An editorial in the Independent presented the tribunal as a "chance to set a new standard for a new century." It said, "The years between Nuremberg and today have been an inglorious catalogue of failure by the international community to find a mechanism for handling accusations of crimes against humanity at the very highest level by ruthless individuals such as Pol Pot, Idi Amin, Baby Doc Duvalier, Augusto Pinochet and Saddam Hussein." An Indy op-ed admitted that this is "victor's justice"; after all "Vladimir Putin will never be prosecuted for Chechnya, nor the United States for its misdeeds in Central America, nor even Ariel Sharon for Sabra and Shatila." Nevertheless, it said, "the importance of the occasion is transcending." The Financial Times said the tribunal's reputation for impartiality would be improved if prosecutors "were as assiduous in pursuing charges against Bosnian Muslims and Kosovo's ethnic Albanians as they have been against Serbs and Croats."
The Daily Telegraph's foreign editor warned against demonizing "Slobo … the world's pin-up Balkan demon. … The truth is that most Serbs revelled in the wars. They voted Milosevic into office time and again in the Nineties. They dropped him only when he lost Kosovo and the economy was close to collapse." The trial is an opportunity for ordinary Serbs to confront "what was done while they turned their backs" and for the West "to exorcise our guilt" for not having done enough to halt the carnage. Frankfurter Allgemeine Zeitung agreed that the trial "will cast fresh light on the constraints that realpolitik imposes on international diplomacy." The op-ed said, "[T]he hearings will clearly reveal that Europe and the United States alike, starting in 1991, accepted for far too long as a partner the person chiefly responsible for the wars, and indeed paid court to him, though his machinations in Croatia and Bosnia and Herzegovina had long been public knowledge."

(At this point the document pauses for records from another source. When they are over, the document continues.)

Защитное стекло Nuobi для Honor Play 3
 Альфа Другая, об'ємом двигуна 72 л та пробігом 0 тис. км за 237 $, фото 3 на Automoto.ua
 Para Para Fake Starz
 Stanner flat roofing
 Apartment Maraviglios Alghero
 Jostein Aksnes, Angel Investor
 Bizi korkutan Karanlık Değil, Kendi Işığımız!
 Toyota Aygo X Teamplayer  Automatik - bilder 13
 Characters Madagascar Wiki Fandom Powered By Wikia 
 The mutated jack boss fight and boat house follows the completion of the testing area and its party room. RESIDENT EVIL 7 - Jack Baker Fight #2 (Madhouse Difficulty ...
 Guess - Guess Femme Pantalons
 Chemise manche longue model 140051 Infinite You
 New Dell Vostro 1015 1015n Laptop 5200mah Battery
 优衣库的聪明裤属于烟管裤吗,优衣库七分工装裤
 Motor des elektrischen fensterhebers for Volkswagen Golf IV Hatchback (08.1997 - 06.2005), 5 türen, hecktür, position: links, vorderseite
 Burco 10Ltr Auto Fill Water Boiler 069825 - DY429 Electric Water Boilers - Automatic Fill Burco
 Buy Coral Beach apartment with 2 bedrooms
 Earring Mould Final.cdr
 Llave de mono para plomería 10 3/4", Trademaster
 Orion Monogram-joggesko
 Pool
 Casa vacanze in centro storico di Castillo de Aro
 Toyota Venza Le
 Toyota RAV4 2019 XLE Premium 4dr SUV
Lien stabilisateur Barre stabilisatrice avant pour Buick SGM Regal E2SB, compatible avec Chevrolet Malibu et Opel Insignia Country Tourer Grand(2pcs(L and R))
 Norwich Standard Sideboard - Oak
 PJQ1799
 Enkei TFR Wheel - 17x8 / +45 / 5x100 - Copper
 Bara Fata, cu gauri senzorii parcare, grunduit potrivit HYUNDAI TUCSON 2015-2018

As many as 200,000 people are thought to have died and 4 million made homeless in the decade of "ethnic cleansing" in the Balkans. The Financial Times predicted that the prosecutors' biggest challenge will be to establish "the chains of command that could link Mr Milosevic to individual atrocities." The Sydney Morning Herald identified some of the difficulties: "Many potential witnesses who would be best able to give credible evidence of such orders are senior ministers, civil servants and generals. But by giving such evidence, they would also be pointing to their own responsibility. Not surprisingly, many are reluctant, further complicating this difficult trial."